I know that many denominations ridicule the fact that we sing exclusive Psalmody in our worship but if ever there was a case for the defence then surely it is the fact that we are continually learning and singing God’s Word.

There is a wealth of nourishment in the 150 chapters of the Psalms that would keep a soul healthy for many a day and we have had the privilege of learning these words since we were knee high to grasshoppers.

With it being part of our worship and singing six verses of four Psalms in most services it is little wonder that we learn the words of the Psalms almost without effort.

I enjoy singing hymns, my favourites being Samuel Rutherford’s - Immanuel’s Land and Robert Murray McCheyne’s – Jehovah Tsidkenu.
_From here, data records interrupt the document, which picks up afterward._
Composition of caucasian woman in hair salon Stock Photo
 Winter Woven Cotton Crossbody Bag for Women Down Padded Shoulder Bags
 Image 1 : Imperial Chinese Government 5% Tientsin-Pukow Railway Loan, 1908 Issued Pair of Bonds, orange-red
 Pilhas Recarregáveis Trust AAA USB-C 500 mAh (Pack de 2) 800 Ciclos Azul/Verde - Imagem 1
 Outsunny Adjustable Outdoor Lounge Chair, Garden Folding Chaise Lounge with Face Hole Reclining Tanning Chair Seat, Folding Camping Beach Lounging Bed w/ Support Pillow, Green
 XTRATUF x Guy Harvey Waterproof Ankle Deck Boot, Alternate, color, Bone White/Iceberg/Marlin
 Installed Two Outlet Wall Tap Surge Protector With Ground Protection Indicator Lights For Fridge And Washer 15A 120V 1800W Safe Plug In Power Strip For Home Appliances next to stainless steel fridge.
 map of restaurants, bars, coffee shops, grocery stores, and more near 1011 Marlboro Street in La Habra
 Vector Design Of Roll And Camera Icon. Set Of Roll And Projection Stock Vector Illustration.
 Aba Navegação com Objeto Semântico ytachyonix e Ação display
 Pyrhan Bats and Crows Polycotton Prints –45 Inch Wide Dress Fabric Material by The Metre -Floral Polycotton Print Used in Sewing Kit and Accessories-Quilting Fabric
I also like ‘Just as I am’ and ‘What a friend we have in Jesus.’

The difference for me between a Psalm and a hymn is this – I would not trust the welfare of my soul to the words of a hymn, but I would to the words in the book of Psalms.

Some of my Romanian friends go one better in their worship as they have paraphrased parts of the Epistles of Paul.

‘Ye shall ask what ye will, and it shall be done unto you.’ It seems at first reading that this is access to a blank chequebook and in many ways it is. There are however conditions laid down by our Lord in order that what we ask for will be given.

First of all we must abide in Him. Next, His words must abide in us.

Why is this so important?

Well for one thing it is vital for us to have confidence in our God and that He will be faithful to His Word and answer our prayers. The more that we know of His Word the more we know what we can and what we cannot pray for. He will not give anything that is contrary to His Word.

God is true to His Word. If He says that He will do something then it will be done have no doubt at all about that. He answers our petitions His own way and in His own time. He may keep us waiting many a long day and night for an answer but it will come. (My watch seems to run slow when I’m waiting on an answer!)

He may also answer our prayers in ways and in a manner in which we least expect. There have been times in my experience when He has answered my prayers in spectacular fashion while at other times I am left totally baffled and confused.

My life is fickle and my moods change as often as the weather but thankfully I believe in a God who does not change. I may not always be aware of abiding in Christ, but I cannot deny Christ abiding in me. This is my strength and my song and I can say that my Beloved is mine and I am His.

The branch must always be attached firmly and securely to the stem for it is through the stem that all the nutrients for sustaining life come. The duty of the branch is to bear fruit. Let us therefore abide in Christ the True Vine and may we bear much fruit to His honour and glory.